- Born: March 9, 1958 New York City, New York, U.S.
- Died: April 9, 2024 (aged 66) Memphis, Tennessee, U.S.
- Genres: Rock
- Occupation: Musician
- Instrument: Guitar
- Years active: 1970s–2024
- Member of: Low Society
- Formerly of: John Cale band
- Spouse: Mandy Lemons

= Sturgis Nikides =

Sturgis Nikides (March 9, 1958 – April 9, 2024) was an American guitarist.

== Biography ==
Sturgis Nikides was born in Brooklyn, moved to New Jersey when he was eight, and later to Staten Island.

Nikides started playing guitar in 1965, inspired by seeing The Beatles at Shea Stadium. He formed his first band in 1969 and was a member of several bands during the 1970s, including the Neon Leon band.
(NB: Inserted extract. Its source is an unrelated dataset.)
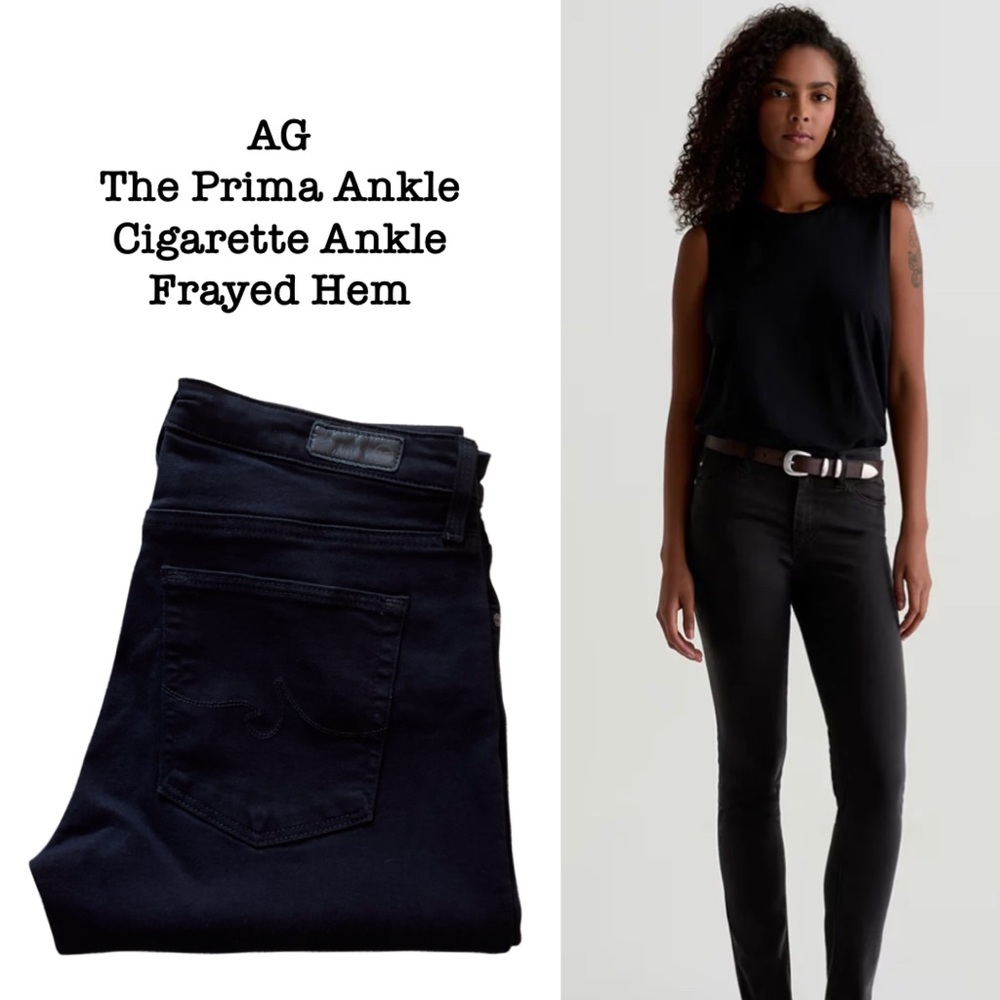 AG | Black Prima Ankle Jeans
He joined John Cale's band in 1979, playing on the studio version of "Mercenaries (Ready for War)" single (1980) and on Honi Soit (1981). He also played with Cool It Reba. He left New York for Miami in 1989 and played with Diane Ward in Voidville. The band disbanded in 1993. He then devoted himself to producing recordings for other artists and composing instrumental music for film and television.

In 2004, Nikides released his first solo album Man of Steel.

In 2009, he participated in the documentary Who Killed Nancy? He formed Low Society in 2009 with his wife Mandy Lemons, releasing three studio albums in 2011, 2014, and 2017, respectively.

Nikides died in Memphis, Tennessee, on April 9, 2024, at the age of 66.